Legal bases for action

27/03/2020

Can the argument of the existence of a “force majeure” event linked to the Covid-19 pandemic be validly invoked to justify a contractual breach?

What is force majeure?

The legal definition of force majeure is provided by Article 1218 of the French Civil Code:

There is force majeure in contractual matters when an event beyond the control of the obligor, which could not have been reasonably foreseen at the time of conclusion of the contract and whose effects cannot be avoided by appropriate measures, prevents performance of the obligor's obligation.”

What are the effects of the occurrence of a force majeure event on the contractual obligations of private parties?

Article 1218 also specifies:

If the impediment is temporary, performance of the obligation is suspended unless the resulting delay justifies termination of the contract. If the impediment is permanent, the contract is automatically terminated and the parties are released from their obligations under the conditions provided for in Articles 1351 and 1351-1.

The Coronavirus pandemic has been defined as a force majeure event by the public authorities: can I therefore safely invoke these statements to suspend my contractual obligations?

N.B. Simply because the French Minister of the Economy and Finance has publicly encouraged recognition of the existence of a force majeure event in relation to performance of public procurement contracts, this does not mean that the concept may be used by just anyone to justify a contractual breach.

In the event of a legal dispute, it is up to the judges alone to assess whether the conditions for characterising a force majeure event have been met.

And although Covid-19 undoubtedly constitutes, in the words of the World Health Organization itself, “the defining global health crisis of our time”, case law has tended to reject arguments based on force majeure. Utmost caution is therefore required in this respect, even though decisions previously handed down in epidemic cases have been based on precise analyses of specific circumstances which are not necessarily transposable to the pandemic Covid-19.

So how can I assess whether force majeure can be validly invoked in relation to the performance of my contract?
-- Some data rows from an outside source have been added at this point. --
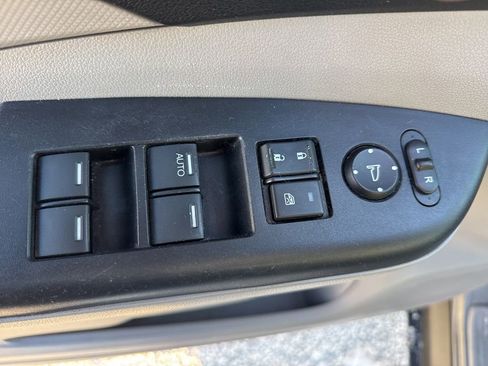 Used 2014 Honda CR-V LX image 17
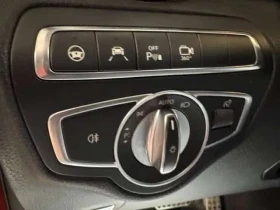 Mercedes-Benz GLC 300 E * ПОГРЕВИ * ПАНО * KEYLESS * CARFAX, снимка 11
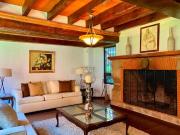 Elegancia y Calidez en Bosques de las Lomas: Casa...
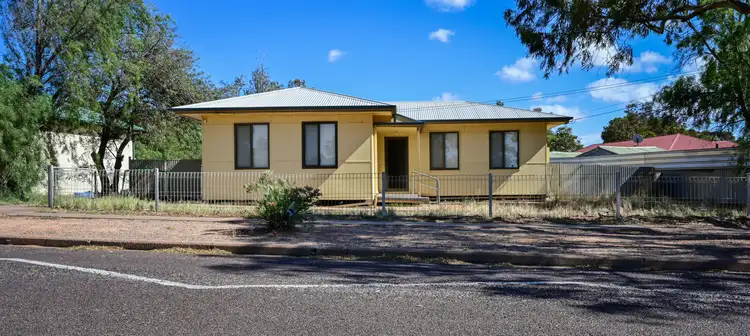 16 Hunter Crescent, Port Augusta SA 5700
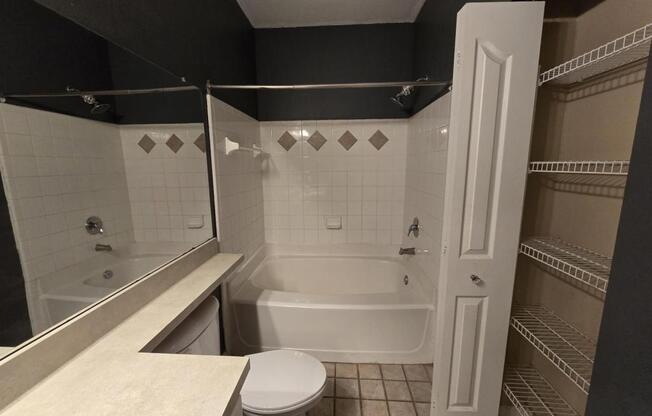 1 bed, 1 bath, $1,599, Unit UNIT # 8211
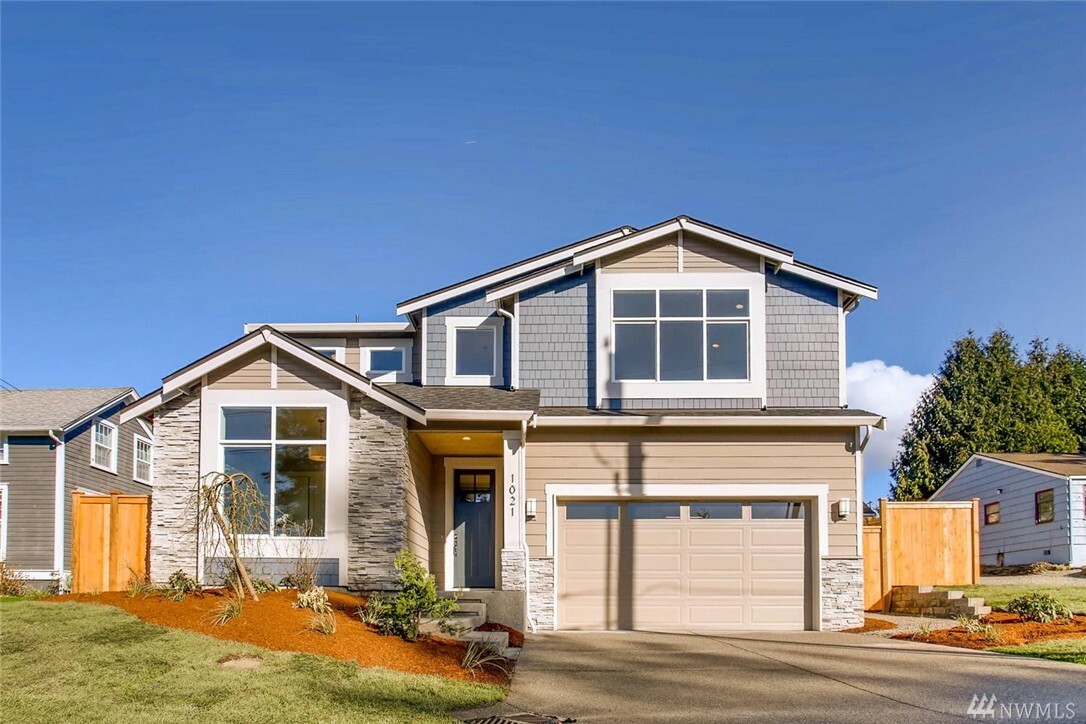 Property Photo: 1021 2nd Ave S WA 98020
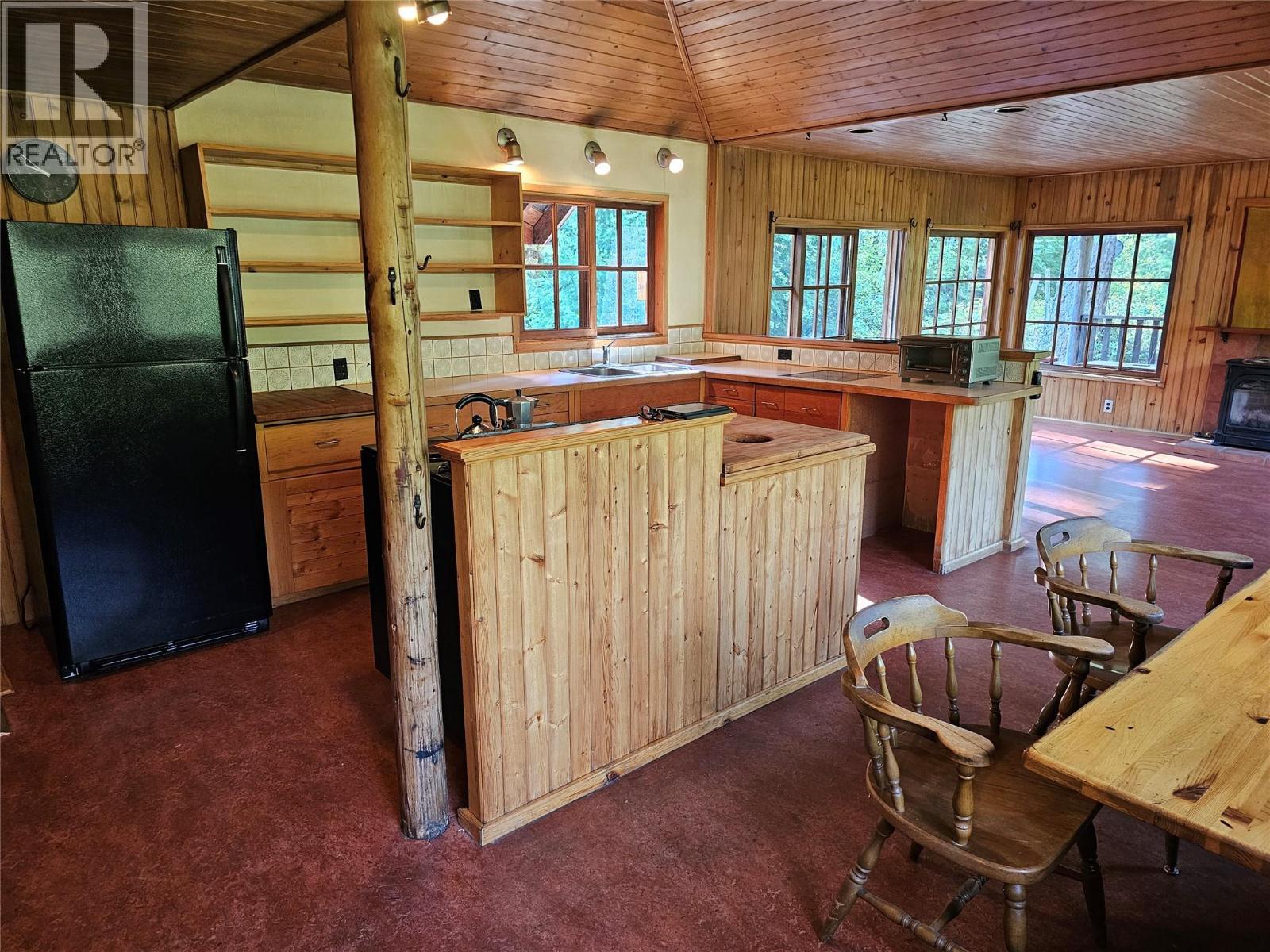  7467 ST THOMAS Road, Winlaw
First, it should be verified whether the contractual relationship in question is actually subject to French law (either under an assignment of a dedicated clause in the contract concluded, or under conflict-of-law rules).

If so, it should then be checked whether the contract contains specific provisions relating to force majeure. This is because the parties’ contractual freedom allows them to specify their own definition of force majeure and, in particular, to explicitly preclude health crises as force majeure events, or to prevent decisions by the public authorities from releasing them from their obligations.

In the absence of any specific provision, it is advisable in each case to question whether the legally stipulated conditions are met:

  • Is the pandemic beyond the contracting party’s control? In principle, yes – no difficulty meeting that condition.
  • Could the pandemic have been reasonably foreseen when the contract was concluded? The answer essentially depends on the date it was concluded: the more recent the contract, the more difficult it will be to meet this condition.
  • Was it possible to work around the difficulties posed by Covid-19 or did Covid-19 genuinely prevent performance? The answer will vary depending on the type of obligation involved.